そしてそれらの知識を総動員するのが第3章であり、ここがカイゼンフローを体験する章という扱いになっています。今まで訓練してきたHoudini筋とも言える基礎力を組み合わせて問題を解決していくパートです。
一般的な書籍ではわざわざ問題のある実装などは紹介せず、エレガントで気の利いた解法を詰め込んでいくことでしょう。もちろんその手法も否定はしません。
しかし、私は本書を通して読者の皆さんにHoudiniのプロになる足がかりになってほしいという思いが強くありました。それを実現するにはどのような構成にすればいいでしょうか。
それはプロの制作手順を追体験していただく。それに尽きる。そう思いました。
本書でも触れていますが、プロの現場でもまずは最もコアとなるオーダーを形にし、そこから拡張性の追加および最適化や問題のある箇所に対処していくとうフローをとることは日常的です。
この体験を通して、危険な匂いのするネットワークや筋の悪い設計・実装への感覚を養っていただき、自分自身が作成したネットワークに対して客観的なジャッジができる、そんなHoudinistになっていただければ幸いです。
この手法にご高評をいただけたならば何かしらの形で続編をご用意できるかもしれません。
学びと私たちのリソースついて
学びというのは自身で壁にぶつかって、試行錯誤した経験が最も血肉になるという意見には反対しません。そして私自身もWebデザイナ出身でかつHoudiniは独学というハードな学習を経験してきており、その過程で得た知見や苦しみに価値を見出しているのも事実です。

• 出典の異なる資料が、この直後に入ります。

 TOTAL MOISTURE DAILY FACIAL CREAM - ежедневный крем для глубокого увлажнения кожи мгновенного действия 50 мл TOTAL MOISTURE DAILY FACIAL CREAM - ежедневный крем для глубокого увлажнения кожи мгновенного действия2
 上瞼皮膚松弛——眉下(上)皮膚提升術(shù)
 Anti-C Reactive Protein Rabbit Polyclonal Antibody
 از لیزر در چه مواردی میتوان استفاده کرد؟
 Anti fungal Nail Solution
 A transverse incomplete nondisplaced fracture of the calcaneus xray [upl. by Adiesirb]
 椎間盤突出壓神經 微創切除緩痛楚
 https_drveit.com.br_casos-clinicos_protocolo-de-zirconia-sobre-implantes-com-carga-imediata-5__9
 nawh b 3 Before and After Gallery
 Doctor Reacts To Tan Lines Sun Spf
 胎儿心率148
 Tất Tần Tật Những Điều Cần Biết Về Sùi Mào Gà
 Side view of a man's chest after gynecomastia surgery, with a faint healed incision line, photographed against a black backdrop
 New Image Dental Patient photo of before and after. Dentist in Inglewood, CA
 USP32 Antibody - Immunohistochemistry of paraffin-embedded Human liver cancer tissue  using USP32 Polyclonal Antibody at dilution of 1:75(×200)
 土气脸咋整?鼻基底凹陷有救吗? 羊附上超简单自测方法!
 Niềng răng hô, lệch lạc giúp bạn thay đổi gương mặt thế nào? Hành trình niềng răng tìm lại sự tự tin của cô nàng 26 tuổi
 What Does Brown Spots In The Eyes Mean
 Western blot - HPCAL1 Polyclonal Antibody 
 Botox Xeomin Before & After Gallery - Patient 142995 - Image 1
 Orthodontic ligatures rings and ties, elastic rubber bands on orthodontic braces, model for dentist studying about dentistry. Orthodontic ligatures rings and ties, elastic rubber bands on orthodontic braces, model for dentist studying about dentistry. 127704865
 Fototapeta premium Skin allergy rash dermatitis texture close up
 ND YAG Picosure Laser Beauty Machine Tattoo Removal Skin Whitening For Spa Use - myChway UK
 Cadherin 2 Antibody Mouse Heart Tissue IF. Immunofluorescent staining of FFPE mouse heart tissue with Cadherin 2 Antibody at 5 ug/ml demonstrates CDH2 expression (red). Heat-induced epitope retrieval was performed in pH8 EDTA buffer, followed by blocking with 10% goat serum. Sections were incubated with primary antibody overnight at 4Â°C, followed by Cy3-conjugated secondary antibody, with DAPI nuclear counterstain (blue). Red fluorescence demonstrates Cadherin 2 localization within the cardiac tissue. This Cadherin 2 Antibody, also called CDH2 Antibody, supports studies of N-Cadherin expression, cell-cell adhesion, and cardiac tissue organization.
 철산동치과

よりよい手法を先回りして教えて回るような本書の構成は、皆さんから学びの機会を奪うことになるはしないか、迷わなかったといえば嘘になります。
しかし、私たちの時間は有限なリソースです。社会人であれば日々の業務があり、学生であれば他のカリキュラムもあるでしょう。そしてそれ以上に私たちはそれぞれの人生を歩む一人ひとりであり、技術以外に向き合う時間も大切にすべきでしょう。
また、大きな疑問があなたの前に立ちふさがったとき、良き先達が周りにいるとも限りません。独学でこの険しい道に挑む皆さんを支える存在が必要であると思っています。
苦しみは再生産されるべきではありません。私が苦しんだ分、皆さんはポンとそのハードルを乗り越え、より本質的で充実した課題に取り組むべきです。そのために本書を執筆しました。
「挫折させないHoudiniドリル」を読了した皆さんはすでに自由を手に入れているはずです。あとはご自身が興味を持たれる表現や課題に大いに取り組んでください。
皆さんがご自分の力で歩むことができるようになるまで共にある、そんな書籍でありたいと願っています。